Moving forward, the workaround for this issue will be moved from Release Notes to Operations Guide: Troubleshoot StackLight.

On a managed cluster, the StackLight pods may get stuck with the Pod predicate NodeAffinity failed error in the pod status. The issue may occur if the StackLight node label was added to one machine and then removed from another one.

The issue does not affect the StackLight services, all required StackLight pods migrate successfully except extra pods that are created and stuck during pod migration.

As a workaround, remove the stuck pods:

kubectl --kubeconfig <managedClusterKubeconfig> -n stacklight delete pod <stuckPodName>

Ceph

[26441] Cluster update fails with the MountDevice failed for volume warning

Update of a managed cluster based on bare metal and Ceph enabled fails with PersistentVolumeClaim getting stuck in the Pending state for the prometheus-server StatefulSet and the MountVolume.MountDevice failed for volume warning in the StackLight event logs.

Workaround:

  1. Verify that the description of the Pods that failed to run contain the FailedMount events:

    kubectl -n <affectedProjectName> describe pod <affectedPodName>
    

    In the command above, replace the following values:

    • <affectedProjectName> is the Container Cloud project name where the Pods failed to run

    • <affectedPodName> is a Pod name that failed to run in the specified project

    In the Pod description, identify the node name where the Pod failed to run.
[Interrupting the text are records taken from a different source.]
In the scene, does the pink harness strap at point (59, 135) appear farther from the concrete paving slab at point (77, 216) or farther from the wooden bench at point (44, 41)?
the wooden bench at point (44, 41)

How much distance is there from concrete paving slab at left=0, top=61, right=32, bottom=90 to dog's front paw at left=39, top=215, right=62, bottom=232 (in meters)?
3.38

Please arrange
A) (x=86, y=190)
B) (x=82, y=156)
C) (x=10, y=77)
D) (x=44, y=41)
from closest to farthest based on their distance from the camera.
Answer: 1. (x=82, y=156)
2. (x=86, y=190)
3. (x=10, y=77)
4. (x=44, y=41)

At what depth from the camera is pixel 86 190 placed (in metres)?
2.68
  2. Verify that the csi-rbdplugin logs of the affected node contain the rbd volume mount failed: <csi-vol-uuid> is being used error. The <csi-vol-uuid> is a unique RBD volume name.
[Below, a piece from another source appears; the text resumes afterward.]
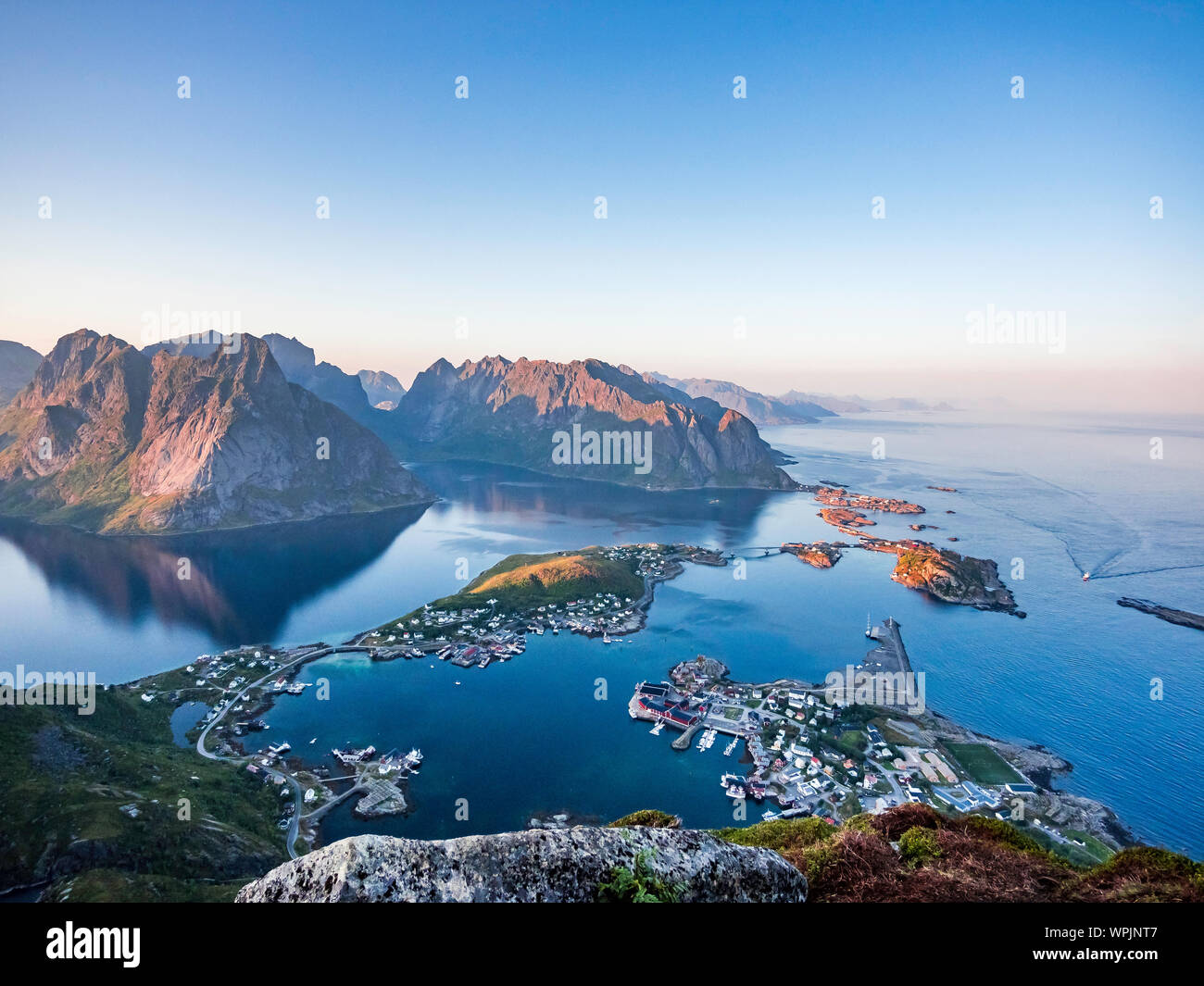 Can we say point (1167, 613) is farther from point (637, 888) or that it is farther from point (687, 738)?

    1. Identify csiPodName of the corresponding csi-rbdplugin:

      kubectl -n rook-ceph get pod -l app=csi-rbdplugin \
      -o jsonpath='{.items[?(@.spec.nodeName == "<nodeName>")].metadata.name}'
      
    2. Output the affected csiPodName logs:

      kubectl -n rook-ceph logs <csiPodName> -c csi-rbdplugin
      
  3. Scale down the affected StatefulSet or Deployment of the Pod that fails to 0 replicas.

  4. On every csi-rbdplugin Pod, search for stuck csi-vol:

    for pod in `kubectl -n rook-ceph get pods|grep rbdplugin|grep -v provisioner|awk '{print $1}'`; do
      echo $pod
      kubectl exec -it -n rook-ceph $pod -c csi-rbdplugin -- rbd device list | grep <csi-vol-uuid>
    done
    
  5. Unmap the affected csi-vol:

    rbd unmap -o force /dev/rbd<i>
    

    The /dev/rbd<i> value is a mapped RBD volume that uses csi-vol.

  6. Delete volumeattachment of the affected Pod:

    kubectl get volumeattachments | grep <csi-vol-uuid>
    kubectl delete volumeattacmhent <id>
    
  7. Scale up the affected StatefulSet or Deployment back to the original number of replicas and wait until its state becomes Running.